### [Required work]
Starting from the line with "Now there's some" and going up to and including the line with "There might be", copy the listing below exactly. Leave all images out.

### [Data in this exercise]

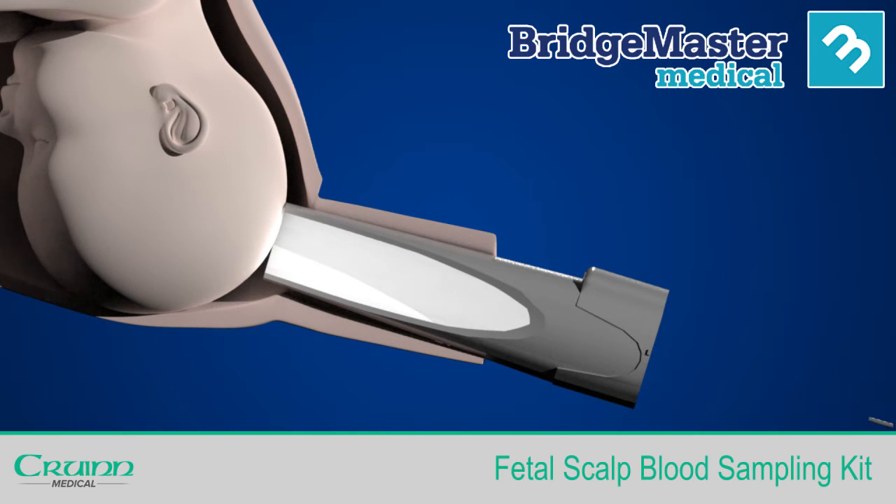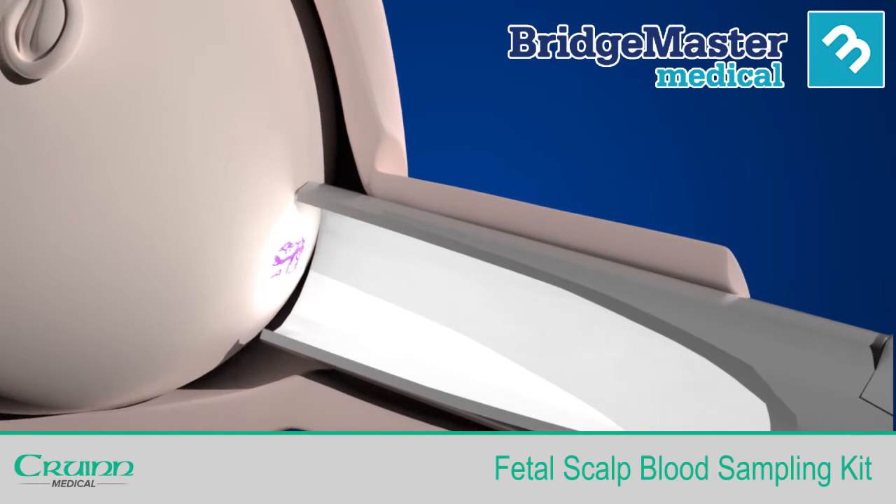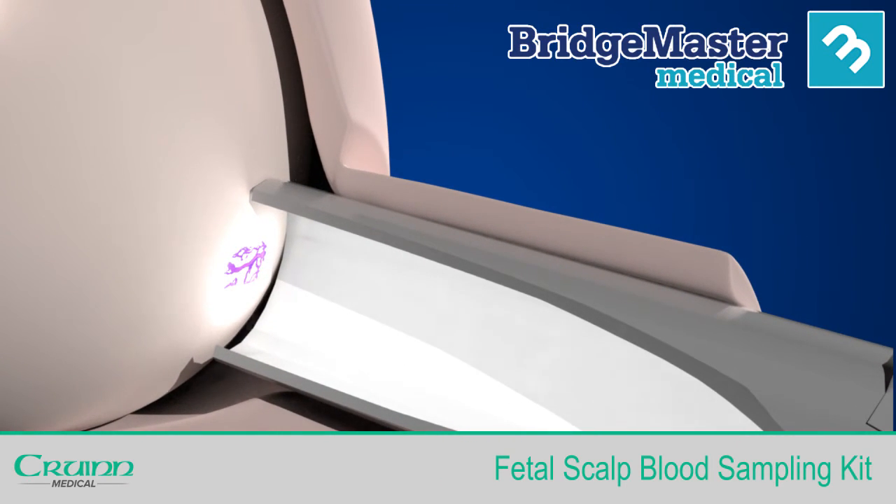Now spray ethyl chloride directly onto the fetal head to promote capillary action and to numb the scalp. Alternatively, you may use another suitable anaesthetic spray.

...

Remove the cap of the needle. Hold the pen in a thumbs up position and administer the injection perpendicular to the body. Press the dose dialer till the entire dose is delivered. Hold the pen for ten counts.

--

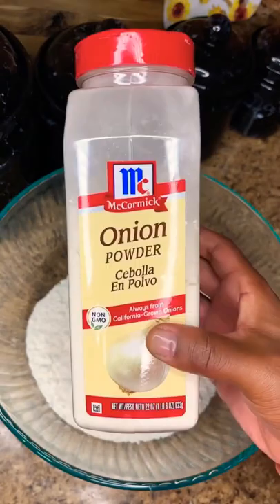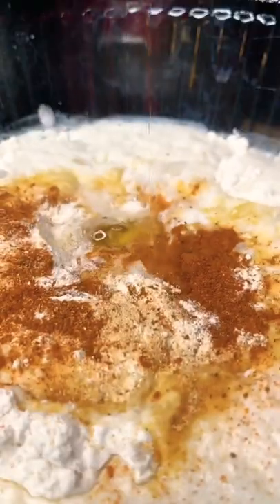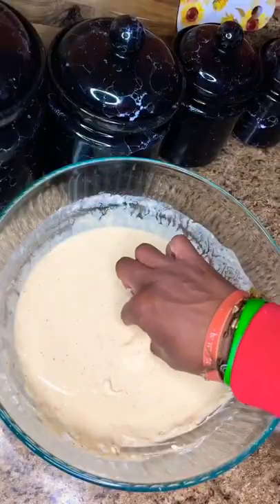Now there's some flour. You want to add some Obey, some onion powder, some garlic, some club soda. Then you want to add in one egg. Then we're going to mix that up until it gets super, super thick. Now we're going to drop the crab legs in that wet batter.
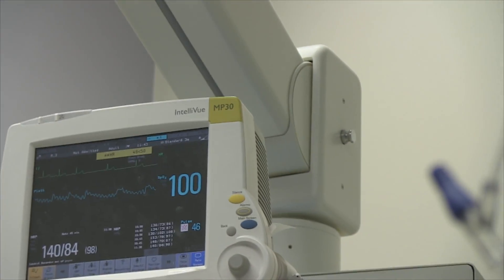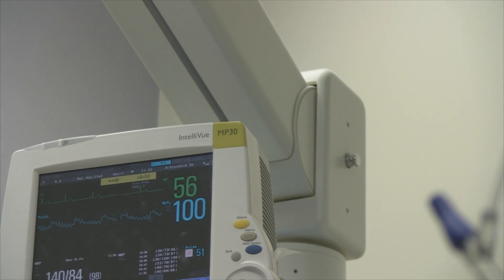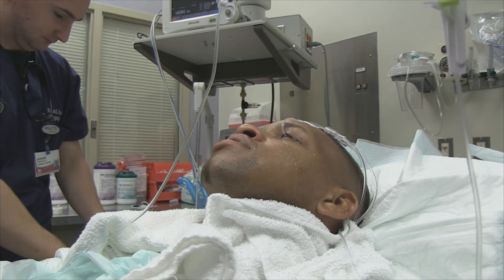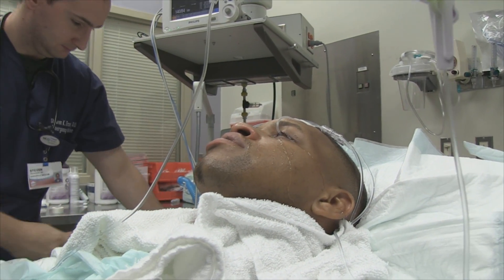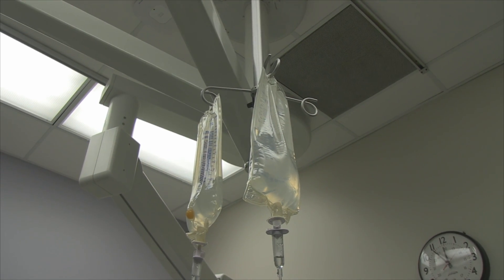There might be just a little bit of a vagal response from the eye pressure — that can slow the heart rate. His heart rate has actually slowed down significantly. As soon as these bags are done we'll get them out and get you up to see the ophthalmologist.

### [Task answer]
Now there's some flour. You want to add some Obey, some onion powder, some garlic, some club soda. Then you want to add in one egg. Then we're going to mix that up until it gets super, super thick. Now we're going to drop the crab legs in that wet batter.
There might be just a little bit of a vagal response from the eye pressure — that can slow the heart rate. His heart rate has actually slowed down significantly. As soon as these bags are done we'll get them out and get you up to see the ophthalmologist.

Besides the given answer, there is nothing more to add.